その特徴からフルコンタクト空手とも呼ばれます。
顔面など、一部禁止された部分以外への蹴りや突きを行い、そのダメージで勝敗を決めるのが特徴。
伝統空手より間合いが短く、コンビネーション技も多彩になります。
極真会館
フルコンタクト空手の本家。
創始者の大山倍達氏が直接打撃を提唱して誕生したもので、フルコンタクト空手の多くはこの極真会館から派生しました。
練習は基本稽古を重視。
移動稽古、型の練習、約束組手に加えてスパーリングも行います。
「新極真会」や「極真館」は極真会館の分裂組織。
大会が細分化されていて幅広い人が空手に親しめる新極真会、顔面攻撃を認めている極真館など、分裂して生まれた組織にもそれぞれに特徴があります。
芦原会館
ケンカ十段の異名で知られた芦原英幸氏が極真会館から独立して創設した流派。
「誰にでも安心してでき、楽しみ楽しめる空手」が理念で、レベルに合わせて無理なく練習を重ねるのが特徴。
技術的には、相手の攻撃を受けて崩す、相手の死角に回り込むなどの「サバキ」を追求しています。
正道会館
芦原会館から石井和義氏が独立して生まれた団体。
一般的なフルコンタクト空手の技術に加えて、片手を使った一瞬の掴みや掛けも認め、より実践的な技を繰り出します。

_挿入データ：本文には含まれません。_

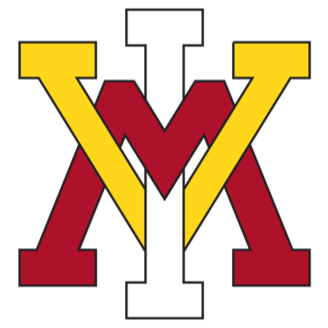VMI Football logo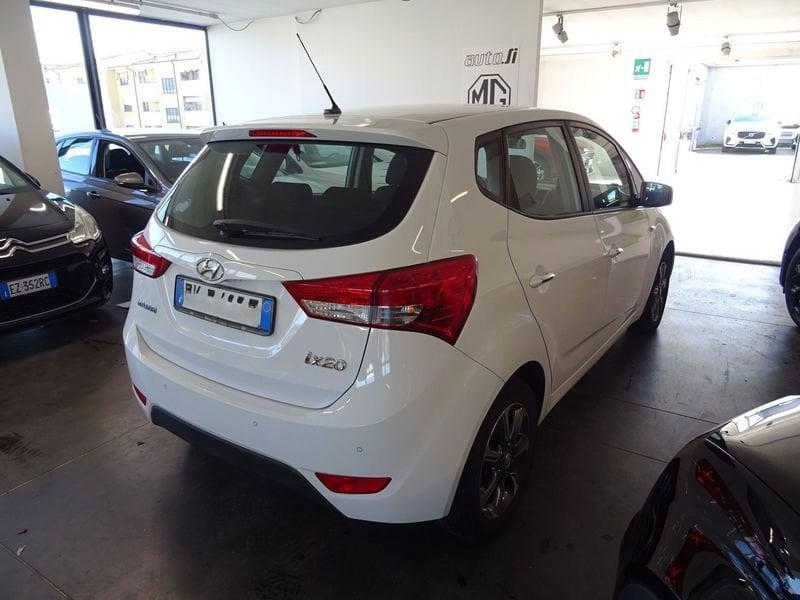 Hyundai ix20 1.4 MPI Comfort
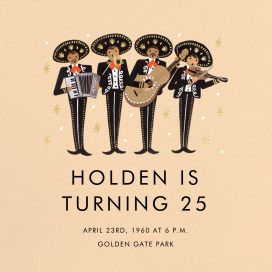 Mariachi by Rifle Paper Co.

掴んで崩す技術や、相手のサイドに入って攻撃するポジショニングなど、理論的であることも特徴です。
空道
大道塾という団体による流派で、総合格闘技のパイオニアと呼ばれる空手。
もともとは格闘空手という名前でしたが、空道に改名しています。
透明のシールドで顔も覆う防具を使用。
顔面への攻撃や頭突き、投げ技、寝技も取り入れ、体格差がある場合には金的攻撃も認められます。
高い実践性と安全性が大きな特徴。
階級はリーチの長さも考慮して身長+体重で分けられています。
まとめ
沖縄の「手(ティー)」から始まり、数えきれないほどの流派が生まれている空手。
これから空手を始めてみたい方は、まずはノンコンタクトの伝統空手か、フルコンタクトの実践空手かを選び、その中からそれぞれの流派の特徴を調べていくのが近道。
自分に最も合った流派をぜひ発見してください。